__Exercise aim__
Exactly as written, print every line of the listing below and omit its pictures.

__Available data__
──────
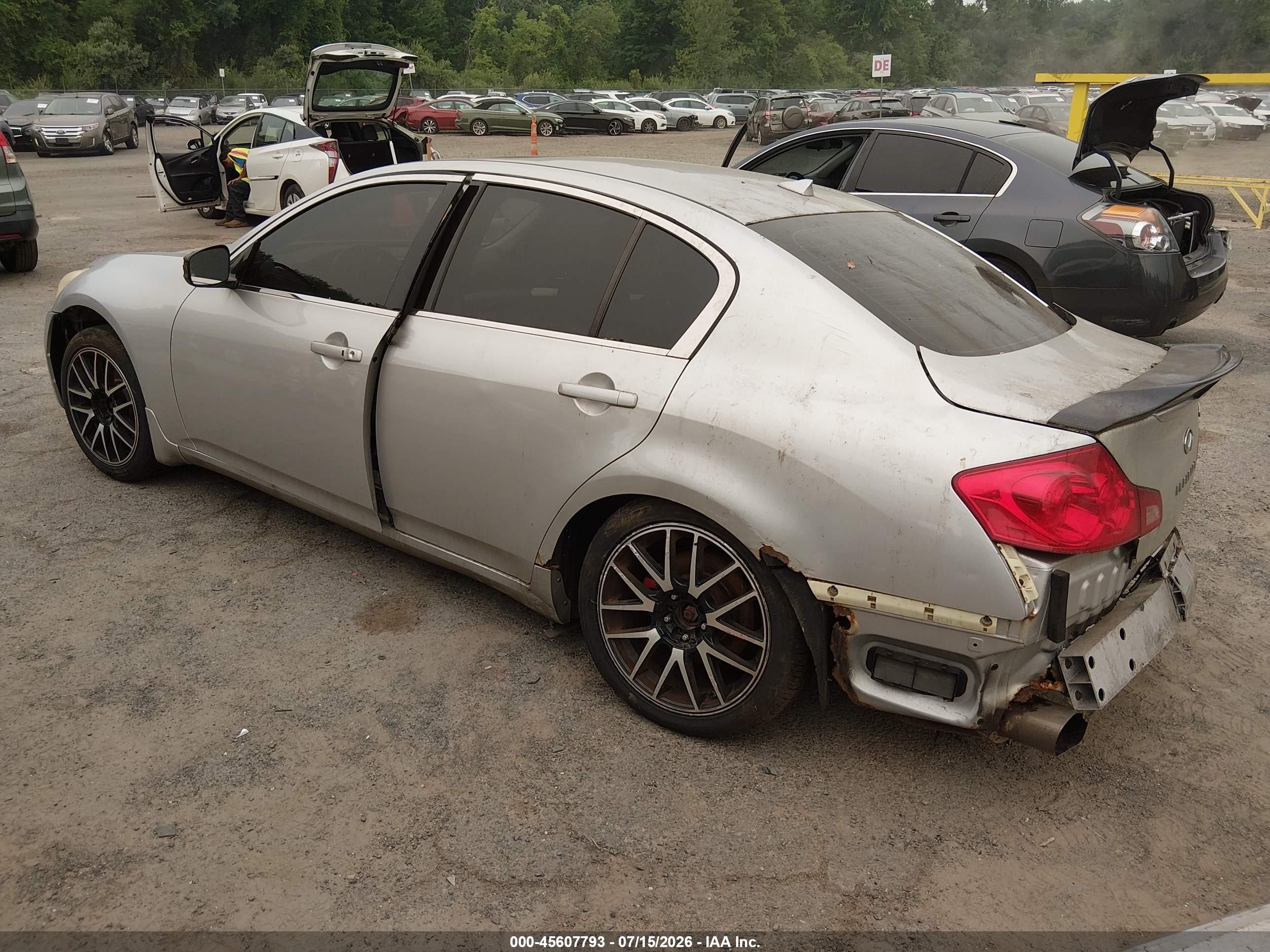 2009 Infiniti G37x   Серебряный vin: JNKCV61F79M364876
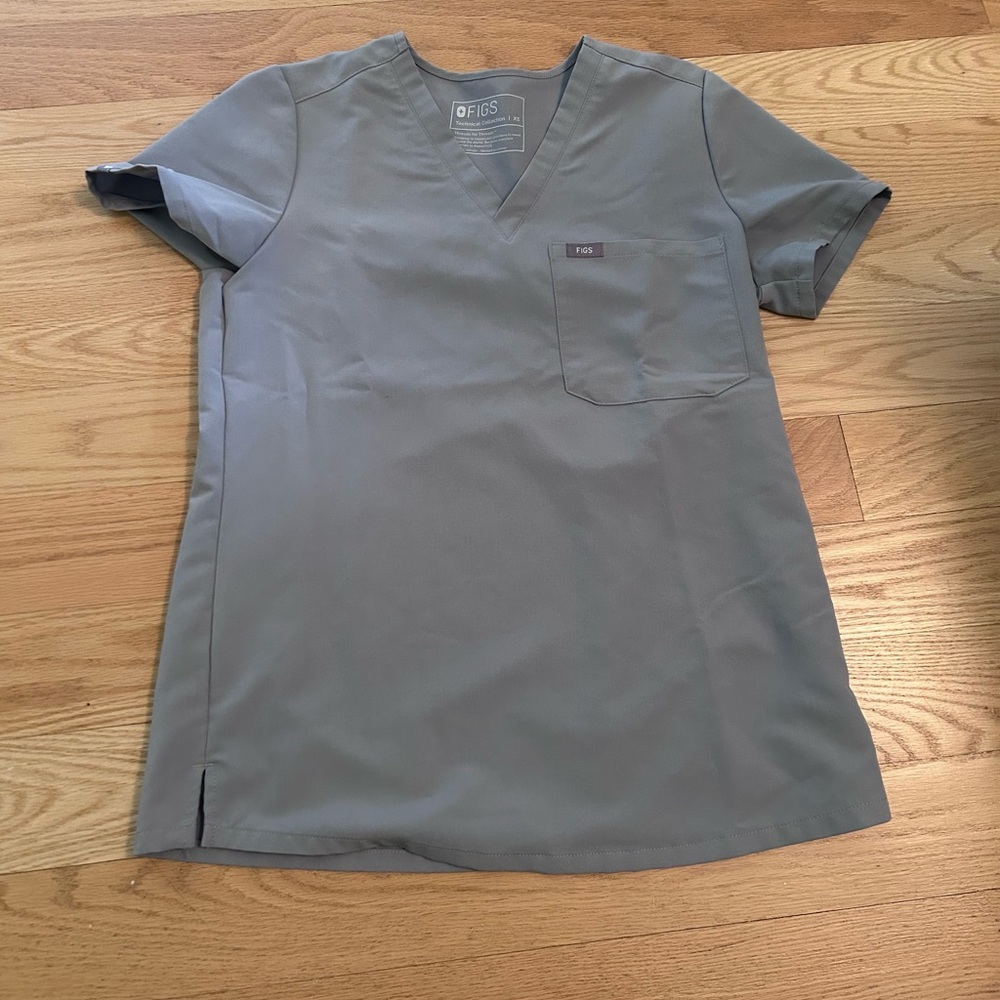 Women’s figs scrubs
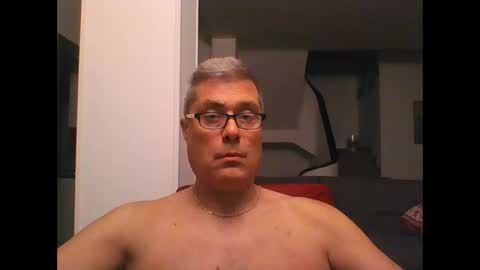 Snapshot of prendimisubito chatting on 10-24-25, 01:24 prendimisubito online show from 10-24-25, 01:24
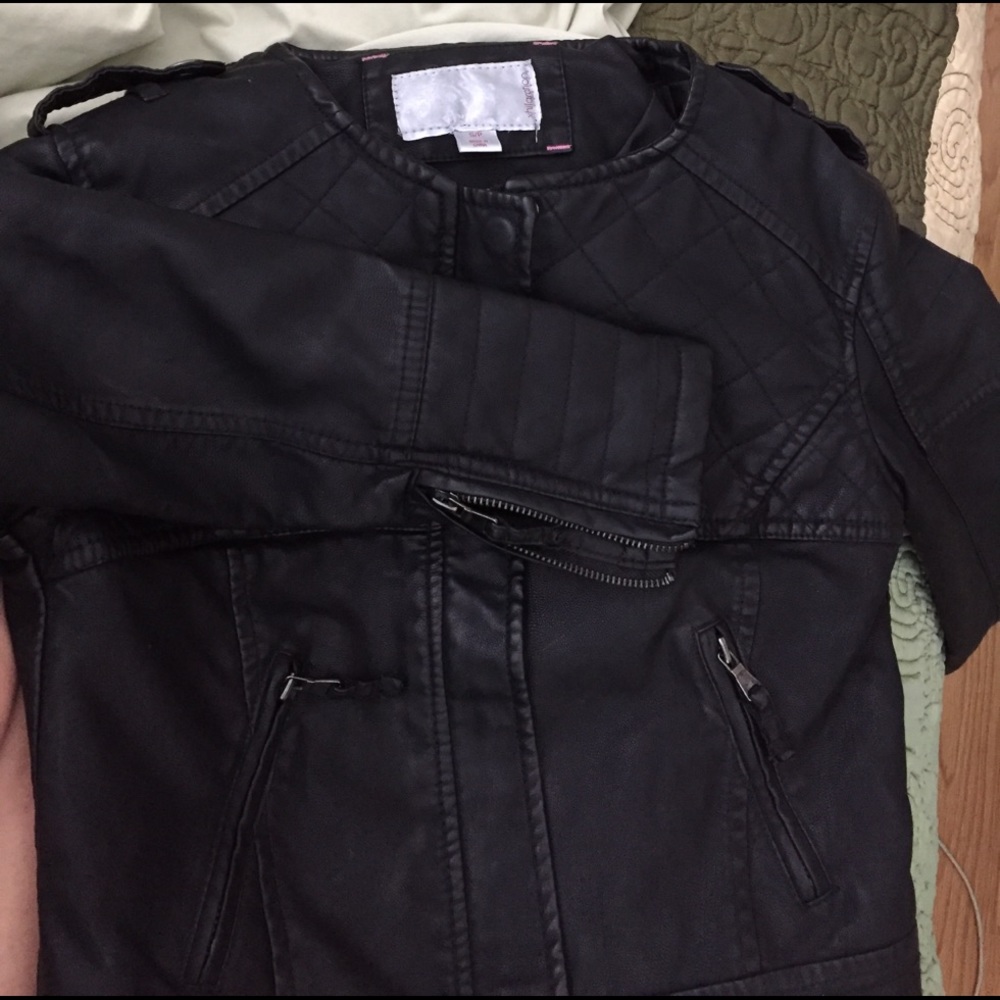 Too small - Picture 2 of 4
──────
__The completed task__
 2009 Infiniti G37x   Серебряный vin: JNKCV61F79M364876
 Women’s figs scrubs
 Snapshot of prendimisubito chatting on 10-24-25, 01:24 prendimisubito online show from 10-24-25, 01:24
 Too small - Picture 2 of 4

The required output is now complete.